Le lendemain, les 170 participants (à la louche) se retrouvaient, non plus à Saint-Anne comme le premier jour, mais au FIAP Jean Monnet, centre de rencontres et d’échanges par excellence imaginé dans l’après-guerre. Les tables rondes de la seconde journée avaient quatre thèmes :

  • Expériences en gérontologie : un jardin dans un EHPAD de Biarritz, le jardin intergénérationnel entre des résidents du service de gérontologie de l’hôpital Louis Mourier et des enfants d’une maternelle voisine à Colombes, une expérience de conception, création et animation d’un jardin à but thérapeutique en PASA (Pôle d’Activités et de Soins Adaptés), les conclusions d’une étude de la Fondation Médéric Alzheimer recensant les jardins aménagés au sein des structures d’hébergement et accueils de jour (l’étude sera bientôt disponible au public et j’y reviendrai plus en détails).

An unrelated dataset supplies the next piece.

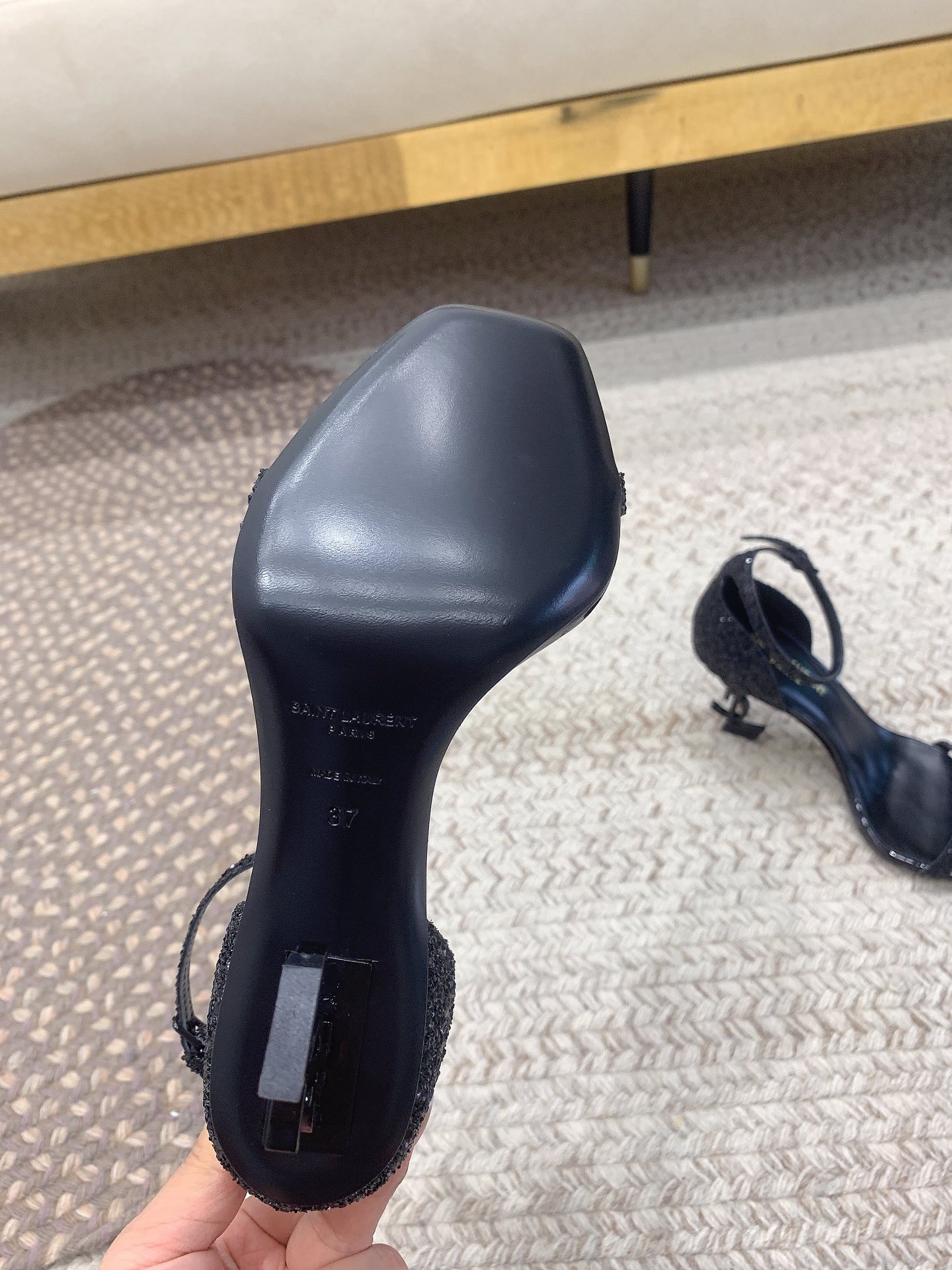 75D2C537-3A7C-455F-A397-92CEB78CDD1C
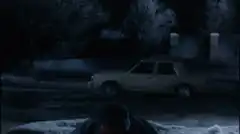 John McClane gets electrocuted by Christmas lights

  • Expériences dans d’autres champs d’application : une terrasse verte à l’usage des patients, des familles et du personnel du service de neuro-réhabilitation d’un hôpital de Perugia en Italie, une présentation des ateliers nature culture de Martine Brulé, le film « Natures » du docteur Granier du CHU de Toulouse qui raconte l’ouverture sur le milieu naturel du service d’art-thérapie,…
  • Formation : la formation professionnelle pour les thérapeutes horticoles aux Etats-Unis (je reviendrai plus en détails sur la présentation de Rebecca Haller dans les semaines à venir), l’implantation d’un jardin dans un hôpital de Genève comme outil d’éducation thérapeutique du patient (traitement de l’obésité), un bilan de la formation au CHU de Nancy suite aux demandes des personnels après l’installation du jardin « Art, mémoire et vie », les questionnements d’une équipe en EHPAD sur les besoins en formation à l’heure où un jardin à but thérapeutique est en développement,…
  • Pratiques innovantes/évaluations : la mise en pratique d’une grille d’évaluation sur les jardins à visée thérapeutique au CHU de Nancy, les apports des principes de Lynch (« L’Image de la cité ») appliqués à l’orientation spatiale dans la conception de jardins thérapeutiques dans la maladie d’Alzheimer, éléments pour un programme d’hortithérapie et protocole d’évaluation en soins palliatifs, enfin l’usage de l’agriculture dans le social sur la base de deux études de cas en Belgique et au Japon.

Si vous êtes arrivés jusque là, vous savez à peu près tout de ce qui s’est dit au 3e symposium de Jardins & Santé. Au moins dans les grandes lignes, car il est bien difficile de rendre compte de tous les échanges pendant les tables rondes ou les déjeuners, des petites conversations volées en faisant la queue à la cafétéria ou en partageant un métro à la fin de la journée…J’en ressors avec l’impression que l’hortithérapie est sur la bonne voie, sur les bonnes voies ( ?), même si la question de la formation reste toujours au premier plan des préoccupations. Ca bouge beaucoup plus en France que je ne les soupçonnais avant de remettre les pieds sur le vieux continent. Beaucoup de gens sont actifs et utilisent le jardin pour aider leurs patients à aller mieux. Certes, la discipline a besoin de reconnaissance pour mieux exister et être encore plus utile. Mais tant que des soignants et des soignés pourront se retrouver au jardin et en ressentir les bienfaits quantifiables ou non, tous les espoirs sont permis.